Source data
════════
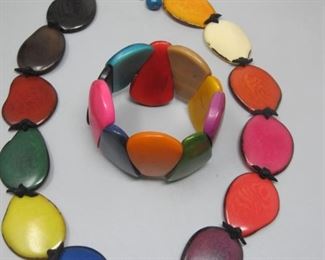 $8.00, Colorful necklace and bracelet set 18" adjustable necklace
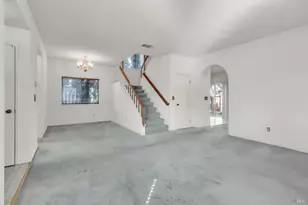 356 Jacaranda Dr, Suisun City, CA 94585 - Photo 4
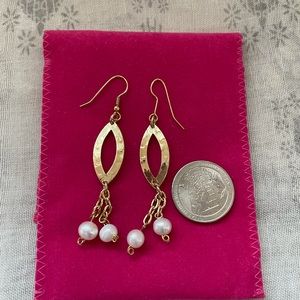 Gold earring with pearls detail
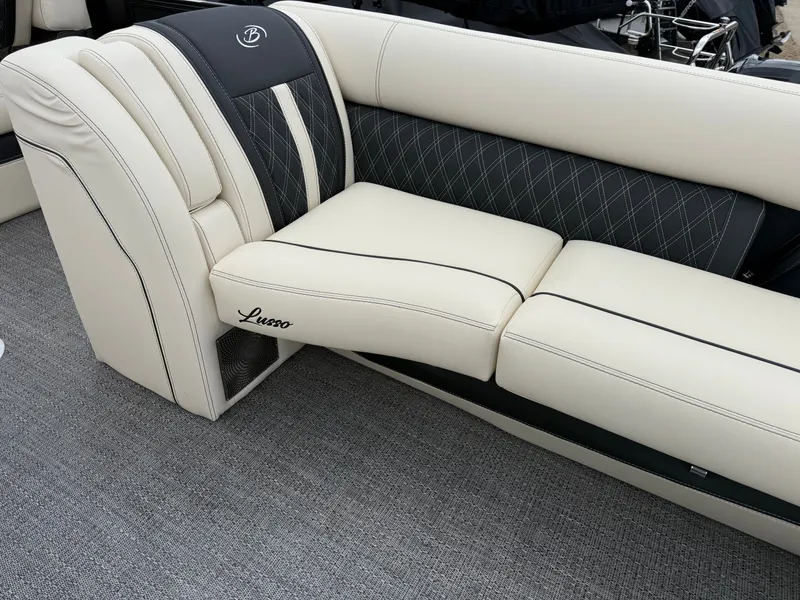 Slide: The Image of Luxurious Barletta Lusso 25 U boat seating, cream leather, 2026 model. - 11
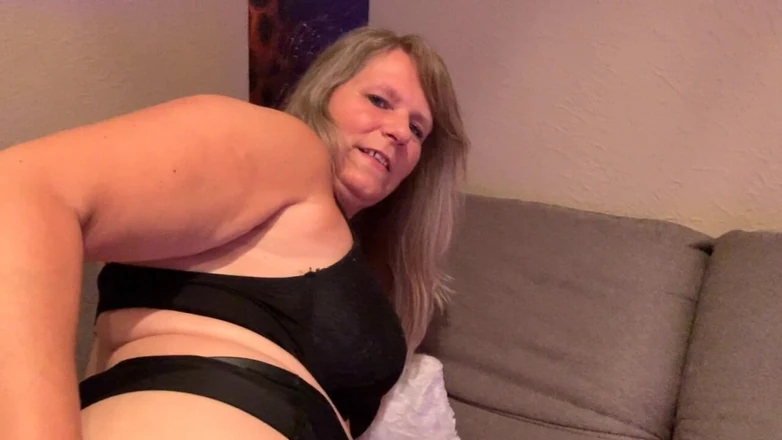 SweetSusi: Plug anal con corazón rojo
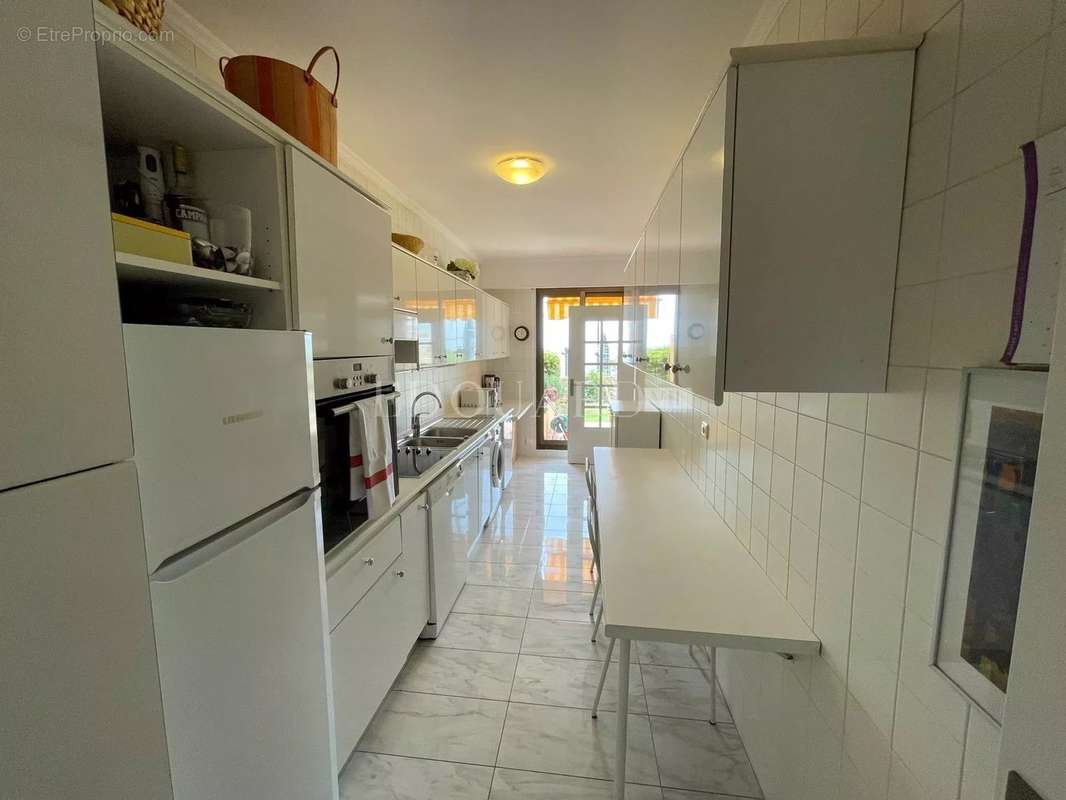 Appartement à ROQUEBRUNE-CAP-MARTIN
════════
WHAT THE EXERCISE ASKS: Except for the pictures, copy every line of the records above exactly.

EXPECTED ANSWER:
 $8.00, Colorful necklace and bracelet set 18" adjustable necklace
 356 Jacaranda Dr, Suisun City, CA 94585 - Photo 4
 Gold earring with pearls detail
 Slide: The Image of Luxurious Barletta Lusso 25 U boat seating, cream leather, 2026 model. - 11
 SweetSusi: Plug anal con corazón rojo
 Appartement à ROQUEBRUNE-CAP-MARTIN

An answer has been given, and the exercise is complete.